Freight wagons move in and out of Quemada constantly, despite the wreckage. Casa Estrella was thus transported “stone by stone from Mexico City, it used to stand on the Plaza there.”

Wing Fat is Juan Manolo (“Wan Man Lo”) in disguise, his general is a hireling, the girl is not involved.

West is “the finest underground intelligence agent we’ve got,” says President Grant. His dual cover is a condemned deserter brought to judgment at Difficult Run, Va., and “the dandiest dude who ever crossed the Mississippi.” Grant speaks of “inflation eating the South alive, Washington full of carpetbaggers,” but this is most pressing at the moment.

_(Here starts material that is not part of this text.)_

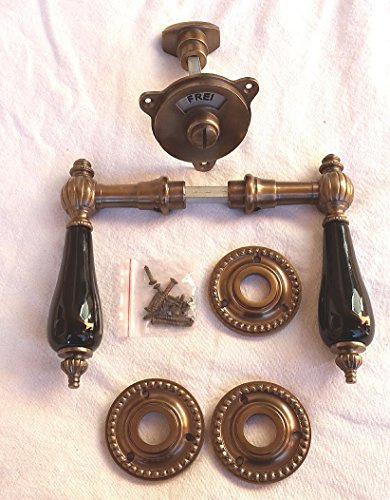 Graf von Gerlitzen Messing Tür Griff WC Set Türgriffe Rosetten Türbeschlag R20A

The art direction caps a nineteenth-century evocation with the sound of steam to achieve a complete mise en scène.

“West, James West,” he says. Some intricacies of the private railroad car used by him at government expense are shown, especially the private quarters with sliding wardrobe and gun case. Artemus Gordon, who has his own horse-drawn Traveling Emporium, resists the assignment and addresses West in a monitory look almost directly to the camera, “Quemada is a bad place, Jim, be careful.”

West, held captive in the munitions cache, lights a fuse to the gunpowder barrels, blowing Casa Estrella out of apposition and into sky-high appositeness, every stone a brand-new shining star at night, an inferno of meteors, a constellation of cubic building-blocks.

 

Return to Glory
I Spy

A shocking recapitulation of JFK in Dallas reveals the irony of the title.

A question of expenses under review, “the glass pants” notably require explanation, or nothing at all.

Sagely expounded by Fine & Friedkin, sagely directed by Sarafian.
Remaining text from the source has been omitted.